When objects become the agents of history, human subjects are reduced to objects: suddenly, it becomes more plausible to ascribe moral qualities to the accursed artifact than to those succumbing to its influence. Some Lovecraftian texts foreground this problem and explore its consequences. In David Prior’s 2020 film The Empty Man, a police chief despairs over his investigation of a series of occult homicides. At all crime scenes, cops encounter the same sentence, “The Empty Man made me do it”, written using the victim’s blood for ink. The problem: there is no missing serial-killer, in every case the culprit is either the victim themselves, or a person close to them, seemingly acting out of a sudden delirious episode. By all metrics of police procedure, the cases are solved, the perpetrators identified. Yet, there is obviously a third party involved, one that connects these otherwise isolated cases of individual madness.  But since the ominous “Empty Man” to whom the guilt is displaced is neither a moral agent nor a judicial subject, unbeknownst to the cops he’s a kind of eldritch “god” existing outside of time and space, the police can do nothing but to punish the unfortunate individuals through whom he acts. The chief ruminates:

“Sure, we can put [the perpetrators] in prison. But that’s not solving it. It’s inexplicable. It’s too big. We can’t indict the cosmos.”
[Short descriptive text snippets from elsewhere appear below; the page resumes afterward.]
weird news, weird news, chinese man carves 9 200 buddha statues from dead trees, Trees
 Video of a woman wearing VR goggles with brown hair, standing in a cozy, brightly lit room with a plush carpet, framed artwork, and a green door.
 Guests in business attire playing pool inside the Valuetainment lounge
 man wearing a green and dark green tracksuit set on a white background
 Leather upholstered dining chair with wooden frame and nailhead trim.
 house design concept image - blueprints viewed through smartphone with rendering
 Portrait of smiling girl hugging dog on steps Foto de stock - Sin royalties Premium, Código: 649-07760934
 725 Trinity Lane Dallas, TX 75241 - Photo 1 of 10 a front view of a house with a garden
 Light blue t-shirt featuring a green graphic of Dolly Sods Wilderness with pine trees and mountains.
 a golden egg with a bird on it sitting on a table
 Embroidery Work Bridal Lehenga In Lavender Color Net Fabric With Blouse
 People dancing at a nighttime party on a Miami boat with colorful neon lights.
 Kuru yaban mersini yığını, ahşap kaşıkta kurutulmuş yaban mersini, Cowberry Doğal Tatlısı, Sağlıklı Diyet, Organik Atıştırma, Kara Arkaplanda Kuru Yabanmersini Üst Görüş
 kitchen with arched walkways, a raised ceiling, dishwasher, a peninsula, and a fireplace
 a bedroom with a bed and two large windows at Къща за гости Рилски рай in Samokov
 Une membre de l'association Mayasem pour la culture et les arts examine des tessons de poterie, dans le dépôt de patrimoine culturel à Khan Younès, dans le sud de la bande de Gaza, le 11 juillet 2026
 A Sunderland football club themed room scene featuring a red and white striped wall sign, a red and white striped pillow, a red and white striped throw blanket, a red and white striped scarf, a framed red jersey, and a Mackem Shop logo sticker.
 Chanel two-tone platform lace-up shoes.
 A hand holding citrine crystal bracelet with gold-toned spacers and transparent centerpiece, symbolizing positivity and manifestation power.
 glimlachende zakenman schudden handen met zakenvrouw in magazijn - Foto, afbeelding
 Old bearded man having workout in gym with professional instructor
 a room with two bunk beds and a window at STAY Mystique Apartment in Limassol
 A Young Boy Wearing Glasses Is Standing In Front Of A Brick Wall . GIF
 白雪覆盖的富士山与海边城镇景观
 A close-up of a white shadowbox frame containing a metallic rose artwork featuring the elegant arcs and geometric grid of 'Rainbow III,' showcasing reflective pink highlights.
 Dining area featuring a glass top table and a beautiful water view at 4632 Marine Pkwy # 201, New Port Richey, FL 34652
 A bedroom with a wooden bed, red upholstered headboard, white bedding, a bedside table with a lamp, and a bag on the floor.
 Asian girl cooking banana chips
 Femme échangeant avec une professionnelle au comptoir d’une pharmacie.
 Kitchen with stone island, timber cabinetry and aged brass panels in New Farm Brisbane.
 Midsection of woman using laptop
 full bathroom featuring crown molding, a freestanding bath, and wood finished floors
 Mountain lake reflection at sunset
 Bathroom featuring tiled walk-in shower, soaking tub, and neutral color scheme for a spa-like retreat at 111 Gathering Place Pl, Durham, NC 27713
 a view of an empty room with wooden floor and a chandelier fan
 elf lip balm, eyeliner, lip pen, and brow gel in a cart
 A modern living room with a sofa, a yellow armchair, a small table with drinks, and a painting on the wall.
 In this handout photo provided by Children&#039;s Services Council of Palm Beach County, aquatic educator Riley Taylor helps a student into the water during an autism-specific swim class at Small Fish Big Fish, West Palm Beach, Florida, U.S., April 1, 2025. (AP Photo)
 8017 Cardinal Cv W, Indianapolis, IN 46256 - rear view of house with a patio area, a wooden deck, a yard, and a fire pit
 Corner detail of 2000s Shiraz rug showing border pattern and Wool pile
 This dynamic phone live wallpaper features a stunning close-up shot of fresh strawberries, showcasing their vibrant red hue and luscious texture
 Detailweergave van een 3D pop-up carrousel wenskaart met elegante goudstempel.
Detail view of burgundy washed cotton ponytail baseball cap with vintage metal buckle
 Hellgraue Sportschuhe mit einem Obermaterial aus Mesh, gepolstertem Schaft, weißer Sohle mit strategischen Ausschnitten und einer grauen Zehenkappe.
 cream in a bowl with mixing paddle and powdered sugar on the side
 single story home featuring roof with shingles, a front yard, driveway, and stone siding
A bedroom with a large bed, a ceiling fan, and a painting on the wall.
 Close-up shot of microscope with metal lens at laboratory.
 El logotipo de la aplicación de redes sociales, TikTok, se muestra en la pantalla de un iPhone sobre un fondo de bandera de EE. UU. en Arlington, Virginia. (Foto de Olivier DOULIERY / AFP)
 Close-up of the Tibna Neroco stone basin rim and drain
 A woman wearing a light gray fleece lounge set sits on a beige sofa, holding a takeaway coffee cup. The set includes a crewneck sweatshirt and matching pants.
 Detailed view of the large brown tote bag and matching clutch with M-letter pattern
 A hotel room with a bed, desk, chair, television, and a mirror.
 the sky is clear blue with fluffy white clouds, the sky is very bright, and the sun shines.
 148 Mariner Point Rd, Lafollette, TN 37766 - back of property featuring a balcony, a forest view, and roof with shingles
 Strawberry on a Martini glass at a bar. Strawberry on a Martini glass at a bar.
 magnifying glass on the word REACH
On the one hand, The Empty Man seems to stand as a prime example for the aforementioned tendency of cosmic horror to externalize human activity by binding it to a fictional entity beyond our control (a move that essentially amounts to an aesthetic equivalent of reification). The experience which is allegorized by the film’s cthulhuian antagonist is that of living in a society that individualizes moral responsibility while at the same time reproducing social conditions that make violent transgressions inevitable. The dilemma of police intervention, in the film as in late Capitalism, lies in the social contingence of crime itself: punishing transgressions never gets to the forces producing violent actors in the first place, elder Gods in the former, patriarchy/racism/poverty/etc. in the latter. Man in the 21st century too appears as “empty”, as little more than a vessel through which greater forces enact their will. The neoliberal state can indict Harvey Weinstein, but just like it can’t indict the cosmos, it can’t indict patriarchy. On the other hand, the film’s marked surrealism goes a long way of undermining the naturalization of man’s emptyness: it paints a scenario wherein a crisis of the modern disciplinary regime only emerges as a consequence of supernatural intervention. In so doing, it raises the question of why the problem faced by the chief feels so hauntingly familiar when really, our reality is so different from the one depicted in the film. The Empty Man objectively resides beyond human grasp, so it is only natural that state violence should be powerless against him. But why is it powerless against patriarchy?

I’d argue that herein lies the reason we must insist that the Necronomicon can only be plausibly evil in fictional space where instead of humans, all we have are characters, i.e. beings that by their very nature do not possess any kind of meaningful historical agency – they do what they’re written to do, and that’s the only reason their reality has a conceptual space for evil objects. This is a crucial distinction to make, for as Mark Fisher points out in Capitalist Realism, the naturalization of humanity’s non-agency is a key feature of our contemporary predicament:

“[We] know things are bad, but more than that, [we] know [we] can’t do anything about it. But that ‘knowledge’, that reflexivity, is not a passive observation of an already existing state of affairs. It is a self-fulfilling prophecy” (21).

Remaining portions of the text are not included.